This week’s corn target: $4.50

FPFF - Wed Nov 19, 7:47AM CST

Editor’s Note: Due to technical difficulties, Ag IQ In Depth is a text-only report this week.

This may be the week to sell some corn and soybeans, says grain analyst Mike Pearson. 

Riding on an export wave, Pearson says farmers this week could see opportunity to sell corn at $4.50. On the soybean side, after tripping on the World Agricultural Supply and Demand Estimates released Nov. 14, soybeans rallied Monday and early Tuesday.

“I hope producers took advantage of that. … Now, we're seeing that pullback,” Pearson says, looking at the ticker on Tuesday afternoon during this week’s Ag Marketing IQ In Depth. “We're seeing the soybean market take a breath.”

Soybean markets experienced significant volatility this week, starting bearish after Friday's USDA report that dropped both soybean yields and the export potential. The market continued declining Sunday into Monday with beans down 5-10 cents overnight. The turnaround came when President Trump posted on Truth Social suggesting more China buying but the real catalyst was USDA's confirmation of that comment.

"It's one thing to have the president tweet it. It's quite another to see the USDA announce it," says Pearson, who is the host of This Week in Agribusiness and broadcast director at Farm Progress. He notes that USDA reported a flash sale of "792 metric tons of soybeans for delivery to China during this upcoming growing season. That's great news. That's 14 ships full of beans heading to China."

However, Pearson notes, competition remains fierce as "Brazilian beans are still cheaper than ours. Freight is still cheaper from Brazil. That's still where [China wants] to go economically."

Corn exports boost prices

Corn is a different story all around.

“Corn is America's strong suit,” Pearson says. “We are leading the pack in this. We are still the world leaders in price competitiveness when it comes to growing corn.”

For those who have heard the adage about low prices curing low prices, now is when the grain hits the ship.

“We grew the biggest crop—a blessing and a curse, of course, for those producers out there—but nobody else around the world can meet us in terms of price or logistics. So, we are running the table. This is a phenomenal, bullish story in the corn market right now.”

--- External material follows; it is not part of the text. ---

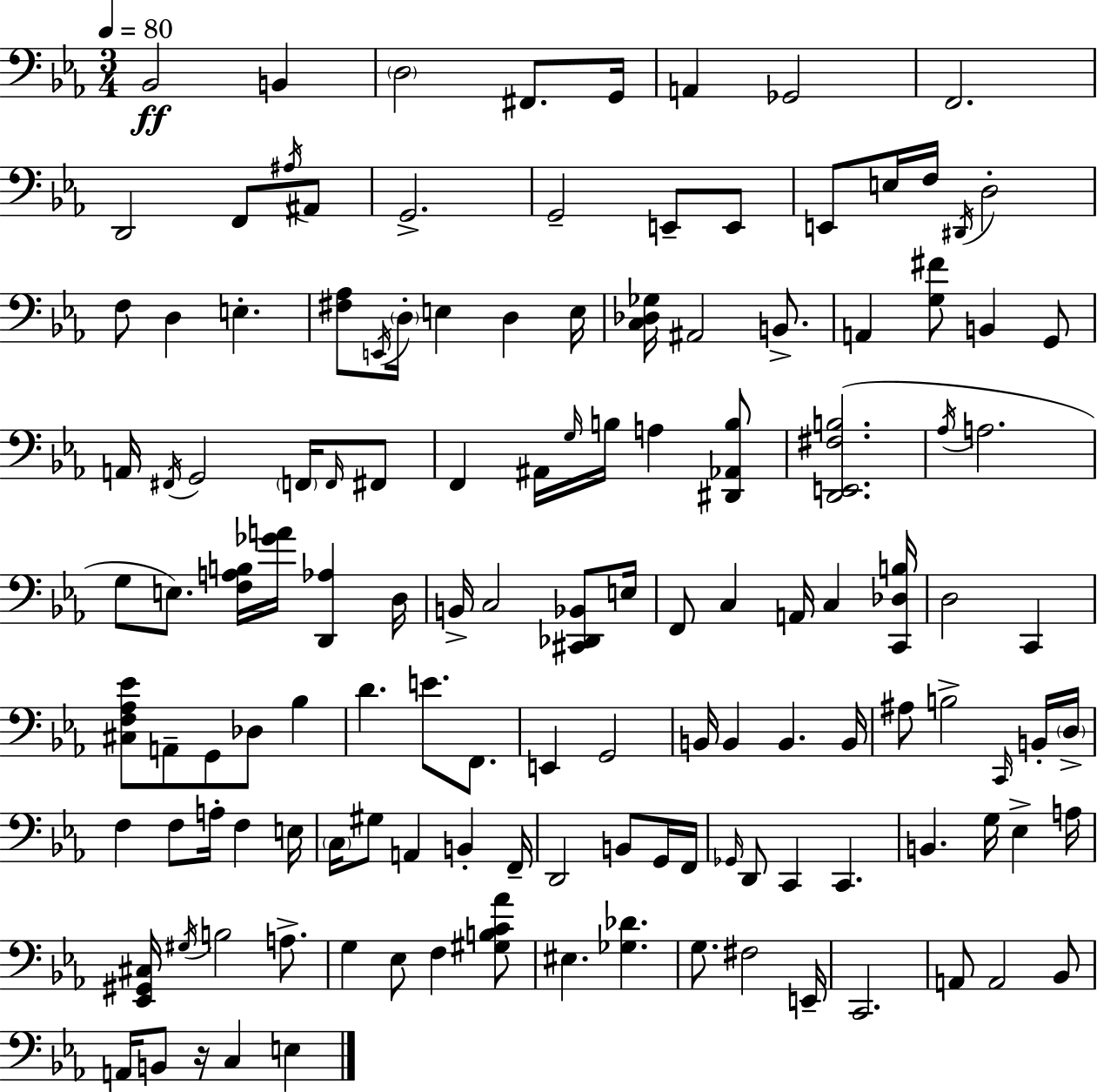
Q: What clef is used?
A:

That story rests solidly in the export space. Export inspections released Monday showed the U.S. shipped 2 million metric tons of previously purchased corn. That's 80 million bushels of corn that was shipped in the week ending Nov. 13.

Pearson notes this represents “the largest shipping week in U.S. corn of any week all the way back to 2021” and marks "almost a 40% increase in corn shipped from the week prior.”

For benchmarking, Pearson says, “it's more than double what we were shipping in this same week a year ago."

Key for corn is that demand but it’s not something that suddenly pops in the way some other crops can suddenly shrink supply. How that looks on a price chart is a V when prices suddenly drop and then quickly rise or a hockey stick when they drop and stay down.

Recovery in the corn market will be a slow turn—think about those ships.

“There is so much concern in the global markets now about corn production, corn demand, broad agricultural commodity disruptions, that it's going to take a little while for those buyers to come back,” Pearson says. On that chart, he says: “We're going to see a U. I don't think it's going to be a V.”

Integral to that recovery is managed money.

Managed money greases the market

Looking into this week, Pearson targets December corn at $4.50.

“My hope is that it's going to start to pull some of that managed money, those spec funds who are kind of sitting on the sidelines in the grain commodities. Maybe we can pull them right back into the markets. I got my fingers crossed,” Pearson says. “We're going in the right direction. I would say if we're looking out into the future for the remainder of this week, my price target on the upside in December corn is $4.50.”

Though hedge funds can get side eyes from purely agricultural traders, commodity markets across the board often benefit when they move in. This is one of those times, Pearson says. 

“We do not have a liquid market without them. They make up 50-80% of the trade on any given day,” Pearson says. “And if you want to see $6 corn, you need spec funds. If you want to see $8-$12 wheat, you need spec funds because that's who gooses these markets up to those levels.”